WORK REQUEST: A verbatim copy of the listing is what is needed, minus any pictures.

GIVEN MATERIAL:
________________

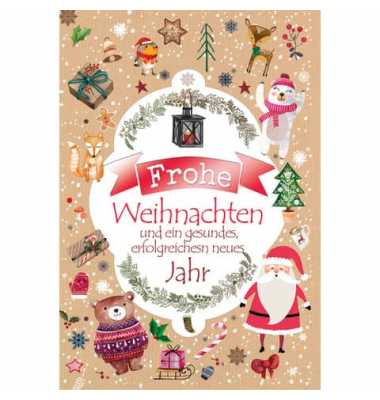 D.T.Weihnachtskarten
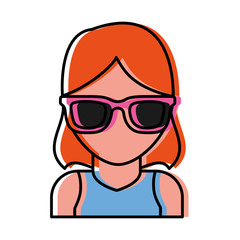 sunglasses accessory icon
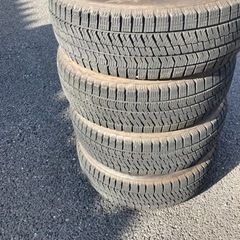 VRX2❗️185/60/15   スタッドレスの画像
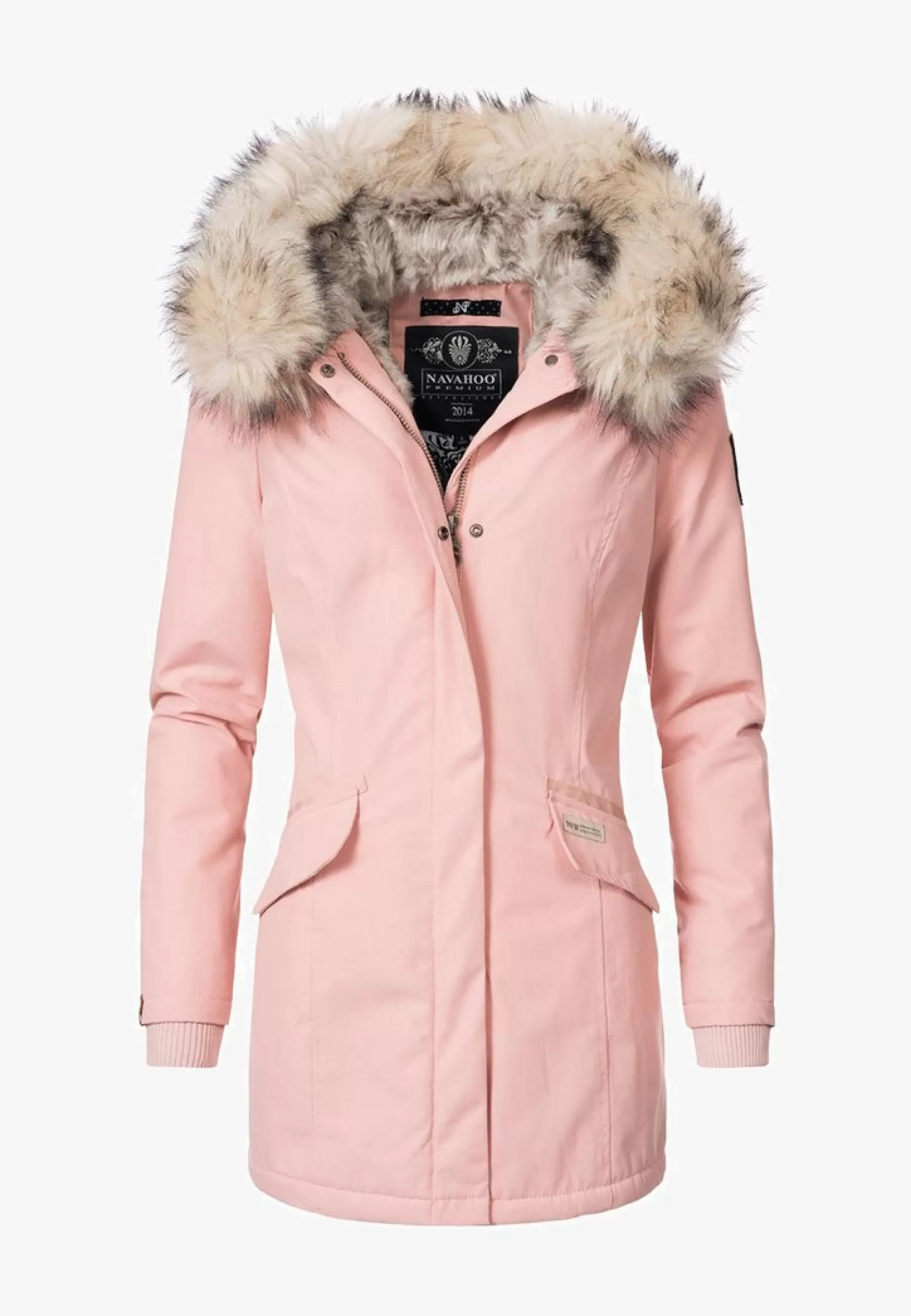 New Cristal - Cappotto Invernale Donna Parka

________________

ANSWER SPACE:
 D.T.Weihnachtskarten
 sunglasses accessory icon
 VRX2❗️185/60/15   スタッドレスの画像
 New Cristal - Cappotto Invernale Donna Parka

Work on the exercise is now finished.